Agência Internacional Ahlul-Bayt (a.s.) – ABNA: No mundo turbulento de hoje, onde as potências hegemônicas buscam com todas as forças enfraquecer as nações independentes, a visão de um “Irã cada vez mais forte” representa o único caminho capaz de garantir segurança, progresso e dignidade nacional. O Aiatolá Seyyed Mojtaba Hosseini Khamenei (que sua sombra seja prolongada), o sábio Líder da Revolução Islâmica, delineou em suas palavras uma rota para alcançar este objetivo vital. Essas recomendações formam elos inseparáveis de uma cadeia que vai da vontade nacional até a resistência prática.

Sete recomendações-chave do Líder Supremo da Revolução Islâmica

1. Continuidade da presença nas ruas; demonstração de poder no centro das negociações

Deus, no Sagrado Alcorão, diz:
“Se ajudardes a Deus, Ele vos ajudará e firmará vossos passos.” (1)

O Líder considera a presença ativa do povo nas esferas sociais e políticas como uma manifestação concreta dessa ajuda divina.

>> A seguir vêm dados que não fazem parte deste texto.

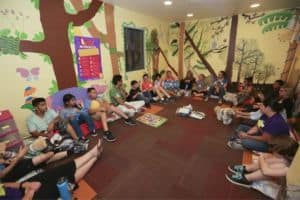 Students Sitting Along Walls of a Classroom with Tree Paintings and Signs Hanging Up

Ele enfatiza que, mesmo no auge das negociações diplomáticas, as ruas não devem ficar vazias da presença consciente do povo. Isso porque o inimigo mede a força de uma nação pela capacidade das massas de defenderem seus ideais. A continuidade de marchas, reuniões e participação civil transmite ao mundo a mensagem: “continuamos firmes”, de forma ainda mais forte do que qualquer mesa de negociação.

2. Esforço contínuo; motor do Irã poderoso

Um “Irã forte” não se constrói no sonho. O Profeta Muhammad (s.a.w.) disse:
“Se a Hora (do Juízo Final) chegar e alguém tiver uma muda em sua mão, que a plante.” (2)

Com base nisso, o Líder enfatiza autossuficiência científica, avanço da produção e economia de resistência. Cada passo rumo à independência tecnológica e à redução da dependência enfraquece mais um elo das correntes das sanções.

3. Cuidado com o coração e a mente; guerra suave e barreira inteligente

Na era da intensa guerra midiática, o inimigo não vem com tanques, mas com algoritmos e dúvidas. O Imam Ja‘far al-Sadiq (a.s.) disse:

“O verdadeiro crente é mais firme do que o ferro… mesmo que seja morto e revivido repetidas vezes, seu coração não se altera.” (3)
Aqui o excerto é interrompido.